I’ve developed a videogame some time ago, when WinXP were the current Windows version. The game needed to install its own font to the system if it wasn’t already present. I don’t remember how exactly I went about that in the code, I think I either used a specific WinAPI function, or I simply copied the font file into the Fonts folder – either way, it worked OK at the time.
However, when someone runs the game on Win7 now, the game cannot install the font unless the user runs it as an administrator. The game works, but uses a horrible default font instead, so as the result the user doesn’t even realise that something’s wrong and just thinks that the game looks terrible.

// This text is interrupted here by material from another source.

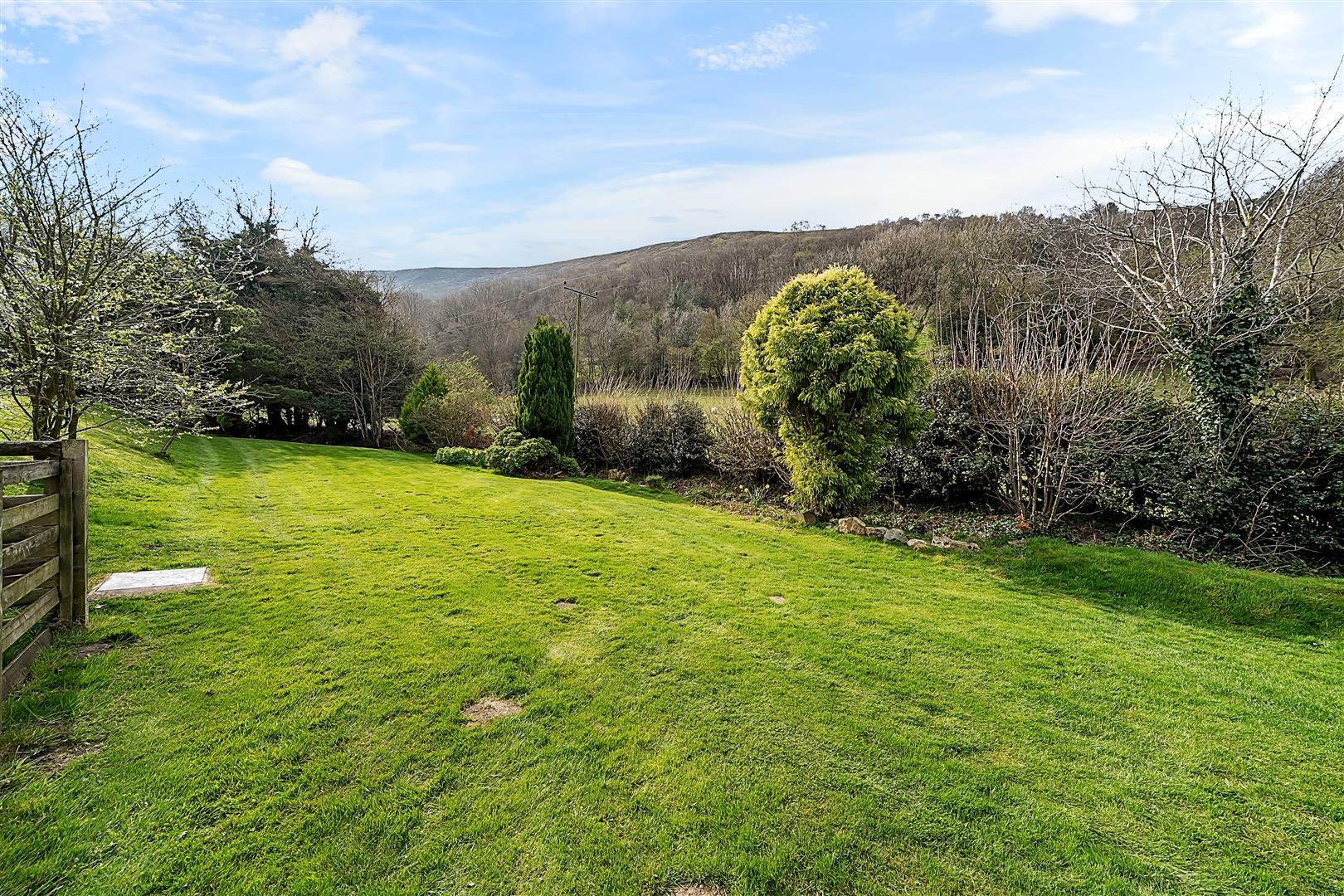 Property Image 5ec4d52c-43e5-46a3-8b50-ee5809aa67ac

So what I need is to make the exe file always demand to be run as an administrator. I could recompile the game and setup the build so that the exe file would always demand the administrator rights, but I don’t have some of the SDKs that I’ve used anymore and so a rebuild would probably be somewhat difficult.

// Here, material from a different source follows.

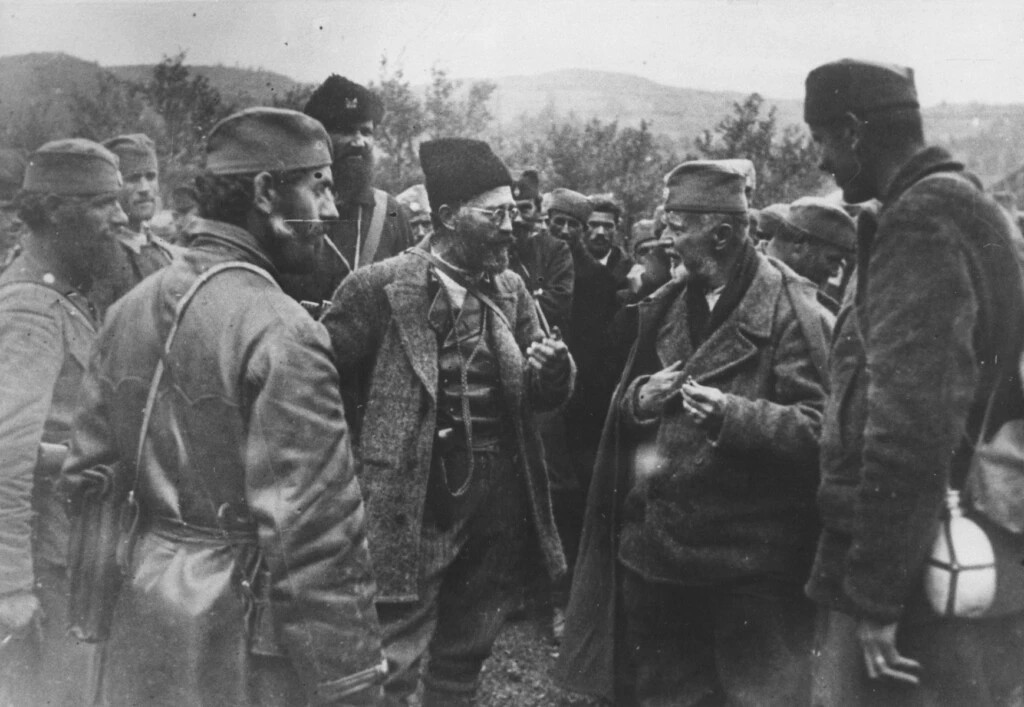 Draza confers with his men foto United States Holocaust Memorial Museum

So what I would like to do is: Can I simply modify the .exe file somehow, without the source code, so that it would always demand to be run as an administrator?
I’ve found that I would need to put this in the manifest:
<requestedExecutionLevel level="requireAdministrator" uiAccess="false" />
but can I edit an exe file’s manifest? I’ve tried XN Resource Editor that I used to work with the resources, but that doesn’t seem to be able to edit the manifest.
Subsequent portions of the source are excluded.